I'm curious if you know if in the south there were tensions, or perhaps why there weren't as many, as say in the west coast like the 1886 Seattle Riot or the Rock Springs Massacre, beyond just the reaction from the exclusion act?
I believe Loewen's argument is that Chinese ran the grocery stores, and because whites viewed merchant labor as distasteful (they all wanted to be agrarian landowners, even poor whites) Chinese had extra leverage because they were the only group supplying necessary goods in these small rural towns.

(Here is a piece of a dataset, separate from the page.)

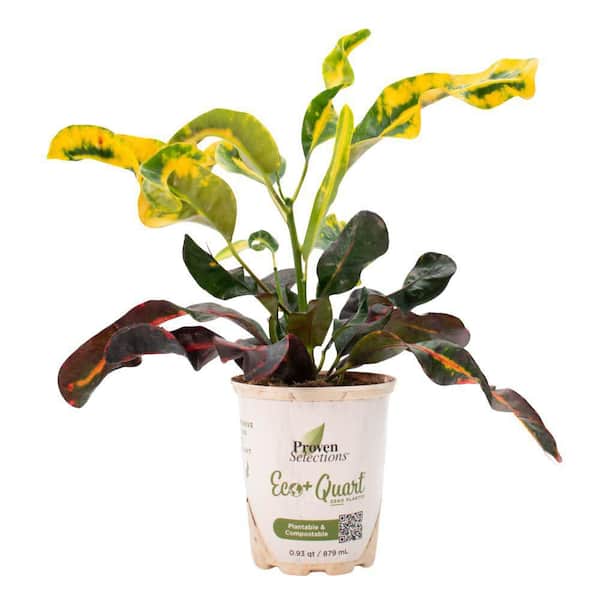 Proven Winners 4.5 in. Qt. Proven Selections Pop Art Jasper Rushfoil (Croton Variegatum) Live Annual Plant with Multicolor Foliage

A case that established Chinese exclusion from white schools (Lum v. Rice, 1924) came out of Rosedale, just north of the town of Greenville mentioned in the article, when a white public school did not permit a Chinese grocer's daughter to enroll. Interestingly, the lower county court ruled against the school district and upheld the Chinese girl's right to attend the white school. The decision was subsequently overturned by the Mississippi Supreme Court and US Supreme Court in favor of the school district. It's telling that the court closest to the case ruled in favor of the Chinese: these merchant families had economic leverage in their communities because they filled a role that white planters needed but disdained for themselves. A town that treated its Chinese unfairly might soon find itself with no place to buy canned goods.
There is a similar story for Jewish immigrants, who ran (and in some cases whose decedents still run) the general/department stores in these Delta towns. The oldest synagogue in Mississippi is in -- you guessed it -- Greenville.